# Dirty hob



## muzzer (Feb 13, 2011)

I have a hob to clean, people have left things to boil over and not wiped it up and so consequently it has burnt on.

Anyone got any ideas for something i can use to remove it? Tried Hob Brite and that doesn't work. Oh, it's a glass hob by the way.


----------



## MDC250 (Jan 4, 2014)

Had a kit from Lakeland with a blade which you scrape off the worst of it then liquid to rub in. It was an Australian product from memory. Still use the blade but have run out of the liquid so now use Bar Keepers Friend and it's just as good


----------



## Sh1ner (May 19, 2012)

Waitrose ceramic hob cleaner works for me.
It is a liquid so when things have been burnt on it can be poured on and left for a while to soften the grot before scrubbing and polishing off.
When clean and polished it gives real shine to the glass and I have been meaning to try a bit on the car.
As said Bar Keepers Friend also works well. If mixed with a little water, left on for a while and kept moist it makes an acid that can also help breakdown the grot.
I think careful soaking, to soften it all is quite important and seems to make it much easier.


----------



## Jack R (Dec 15, 2014)

Glass scraper and bar keepers friend although if it's really bad a quick squirt of g101 and leave for five before you start with the scraper really helps


----------



## Caledoniandream (Oct 9, 2009)

I use a old fashioned double sided razor blade (on site taped up) to scrape the remains of.
Than Polish it with Barkeepers friend and it is as good as new.
Be careful the have the bleed not at a to steep angle as it can scratch the surface it used to hard.


----------



## Fentum (May 1, 2017)

I find a steamer applied before and then periodically during removal of a film of Hobrite or Bar Keeper's Friend normally does the trick.

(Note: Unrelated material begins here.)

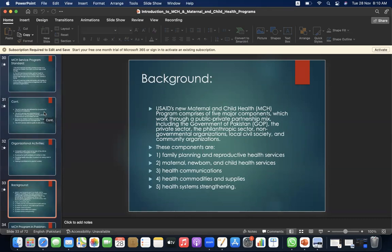Background: USAID's maternal and child health program comprises five major components working through a public-private partnership mix, including the Government of Pakistan, the private sector, the philanthropic sector, non-governmental organizations, and local civil society and community organizations. The components are: family planning and reproductive health services, maternal and child health services, health communications, health commodities and supplies, and health systems strengthening.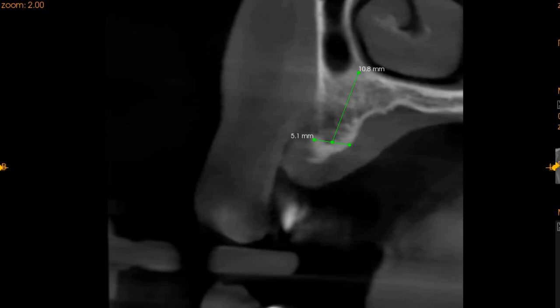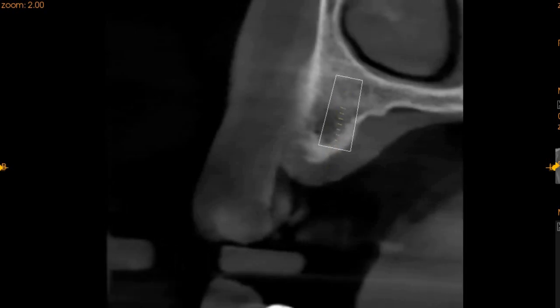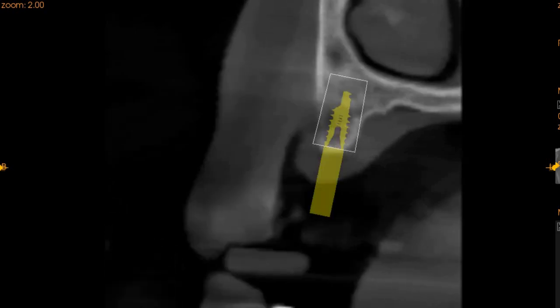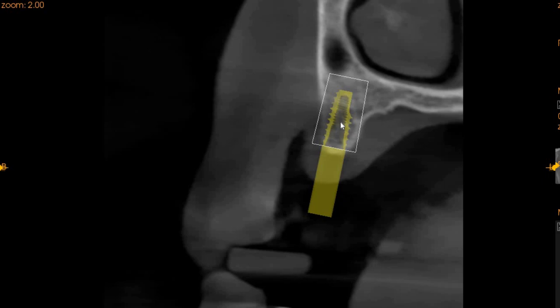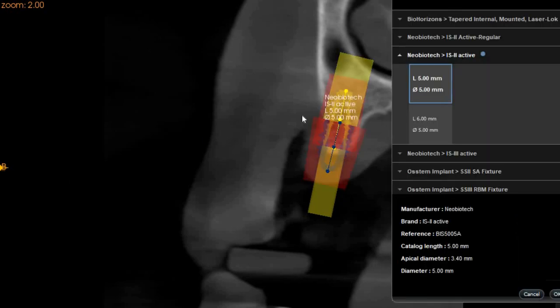The implant will have to be placed at a certain angle. Here, we can tell you how that angulation should be. This is the implant placed for this patient. It is slightly distally, but if it is placed correctly, we will have sufficient bone in the center.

The other thing that sometimes works is bog standard toothpaste! 

Peter


----------



## saabfan (Sep 19, 2016)

I use Cif and a sponge scourer and lots of elbow grease.


----------



## 11alan111 (Dec 29, 2011)

as above works for me also


----------



## muzzer (Feb 13, 2011)

11alan111 said:


> as above works for me also


Tried that and it got me nowhere fast, it needs something a bit more........focussed


----------